The Leadership Institute Mourns the Loss of Eugene H. Methvin
Eugene H. Methvin, a member of the Leadership Institute’s Board of Directors for 10 years, passed away at his home in McLean, Virginia on January 19, 2012.

Gene dedicated his life to fight against the evils of communism, crime, and corruption. Over his 42-year career, Eugene contributed more than 100 articles to the Reader’s Digest on topics ranging from the U.S. Supreme Court, civil liberties and constitutional law, the U.S. defense posture, Kremlin politics, and U.S.-Soviet relations.  

His articles on organized crime in Reader’s Digest led to the passage of the Organized Crime Control Act of 1970.  In 1983, President Ronald Reagan appointed Gene to the President’s Commission on Organized Crime as one of its 19 members.  Eugene directed the commission’s investigation and hearings on labor-management racketeering.

Starting in the mid 1960s, he was a great personal mentor of Morton Blackwell, who founded LI in 1979.

Gene was author of Rise of Radicalism, one of the Leadership Institute’s Read to Lead books.  In the book, Eugene examines what might be called the fundamentals of leftism: propaganda, confrontation, organization, and violence.

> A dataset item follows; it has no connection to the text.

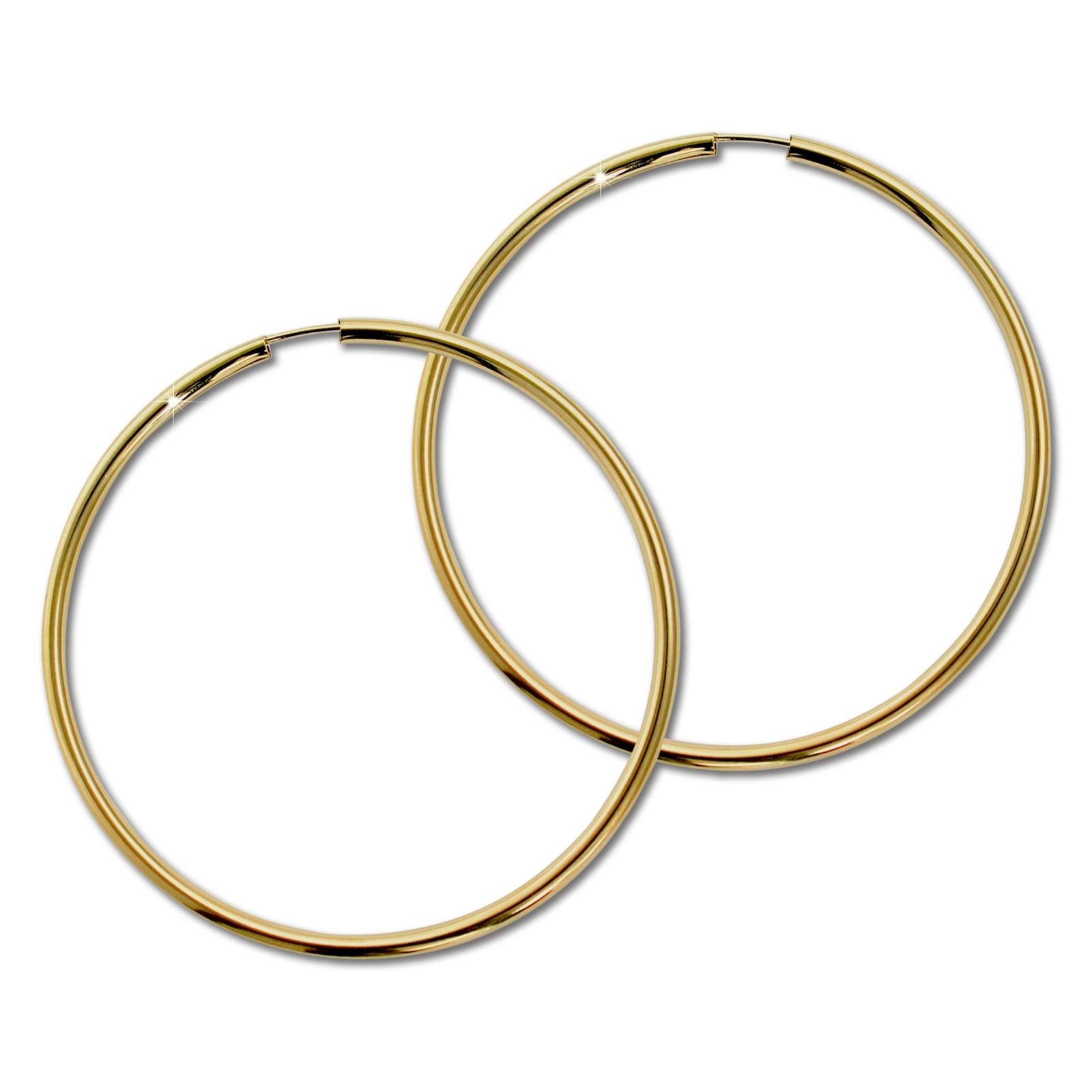 GoldDream Damen Creolen Ohrring 60mm Gelbgold 8 Karat GDOB00360K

“I consider myself fortunate to have been allowed to play the piccolo in the great parade of American democracy for nearly half a century,” Gene wrote before his death. “During that time, the American people defeated and brought down two evil empires: the Teamsters Union and the Soviet Union, and I and my piccolo had a hand in both. That is enough for me.”

He is survived by two daughters, Helen Methvin Payne, an architect, and Claudia Methvin, a physician; and two granddaughters.

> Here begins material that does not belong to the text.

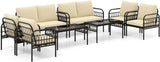 Tangkula 4 Pieces Patio Furniture Set, Outdoor Wicker Conversation Bistro Set - HW71622BN+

Funeral services will be held at Immanuel Presbyterian Church, 1125 Savile Lane, McLean, VA on Saturday, January 28 at 2 p.m. He will be interred in Vienna, Georgia.

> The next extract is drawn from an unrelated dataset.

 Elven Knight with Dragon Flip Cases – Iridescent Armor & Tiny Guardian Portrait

The following is from Gene’s official biography:

Eugene was born on September 19, 1934 in Vienna, Georgia to a family in the newspaper business.  His parents published a country weekly, The Vienna News, where Eugene began his journalism education by sleeping on a bale of newsprint every Thursday night while his parents met the weekly deadline.

At the age of four, Eugene got into bucket of ink behind the family’s flatbed cylinder press, and not even a gasoline bath could get all the printer’s ink out of him.  At the age of five Eugene became a reporter, even before he learned to write.  The youngster would walk around his hometown asking residents to write down their news for him.

Eugene graduated cum laude from the University of Georgia’s Grady College of Journalism and Mass Communication in 1955.  He went on to be a pilot for three years in the U.S. Air Force before joining the Washington Daily News as a general assignment in 1958.  Later, Eugene did graduate study in philosophy and international relations at the Youngstown, American, and George Washington Universities before joining the staff at Reader’s Digest in 1960.

With more than four decades with the monthly magazine Reader’s Digest, Eugene served as associate editor and then senior editor of the bureau in Washington, D.C.   After his retirement in 1996, he continued to serve as a contributing editor.

In 1995, the Washington D.C. chapter of the Society of Professional Journalists named Eugene to its “Hall of Fame” for “exemplary professional achievements, outstanding service to other members of the profession, and lifelong dedication to the highest standards of journalism.”

Leadership Institute staff and supporters thank Gene for his 10 years of service, and mourn his loss.